Ensuite, il en a profité pour tacler Maingain qui a refusé lundi de s’asseoir à la table des négociations avec le MR et le cdH en vue de former un gouvernement en Fédération Wallonie-Bruxelles. "Chacun prend ses responsabilités. Olivier Maingain est dans le sac à dos du PS (...) il ne veut même pas venir dialoguer sans le parti socialiste. Je trouve ça dommage", a-t-il lancé à l'attention de son homologue du parti amarante.

Sans émettre de nouvelles propositions, il a toutefois reconnu qu'il faut pouvoir continuer à faire fonctionner les institutions. "Je ne vais pas m’acharner sur le PS", a-t-il glissé tout en promettant d'"être constructif en Communauté française et à Bruxelles mais offensifs". Il a cité pour exemple le brûlant dossier des allocations familiales qui pourrait alors passer par la voie parlementaire: "Nous réclamons les mêmes montants qu’en Wallonie et en Flandre, 150 euros pour le premier enfant. On déposera des textes et on verra qui soutient et qui ne soutient pas".

"Mon souhait pour 2019? Un gouvernement sans la N-VA ni le PS"

Pour l'avenir, Benoît Lutgen "rêve" carrément d'un gouvernement fédéral "sans la N-VA ni le PS en 2019". C'est même sa "priorité". Il ajoute qu'il faut "cesser de dire que tout tourne autour de la N-VA au nord et autour du PS au sud".

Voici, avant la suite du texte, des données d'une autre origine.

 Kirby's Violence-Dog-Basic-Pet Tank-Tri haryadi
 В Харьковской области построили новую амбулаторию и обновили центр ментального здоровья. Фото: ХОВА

Le président de DéFi s'est, lui, exprimé hier soir sur le plateau du JT de la RTBF dans des propos totalement contradictoires. "Le vrai objectif [du cdH], on l'a compris maintenant, c’est de plaire, par MR interposé, à la N-VA. M. Prévot [ndlr: le bourgmestre cdH de Namur] a expliqué très clairement que c’était de permettre au cdH d’être aspiré petit à petit vers la majorité fédérale. Ce n’est pas notre choix. Je ne ferai pas le jeu d’un parti qui menace les intérêts essentiels des Wallons et des Bruxellois", a-t-il lancé à l'encontre de son homologue humaniste. Il a encore insisté pour dire que son parti n’allait pas se "contenter de demi-mesures" à Bruxelles, seul gouvernement où DéFi participe.

"Une étape vers l'absorption du cdH par le MR"

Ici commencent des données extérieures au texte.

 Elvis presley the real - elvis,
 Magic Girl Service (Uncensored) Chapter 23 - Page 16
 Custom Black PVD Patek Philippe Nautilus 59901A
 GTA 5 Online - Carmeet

Et Paul Magnette (PS) de rajouter une couche ce matin sur les ondes de La Première. Le bourgmestre de Charleroi en veut cruellement au président du cdH d'avoir "créé une véritable crise institutionnelle", tout en regrettant "le manque de cohérence et de dignité" au sein des rangs humanistes. Pour lui, Benoît Lutgen a juste "voulu sauver son parti, avec une manœuvre politique d’un cynisme incroyable". Et c’est même "une étape vers l’absorption du cdH par le MR". Il ajoute encore que "Lutgen devrait faire démissionner ses ministres, s’il ne veut plus que le cdH gouverne avec le PS".

Que faut-il retenir de tout ça? La virulence verbale est de mise mais, concrètement, on fait toujours face à une impasse.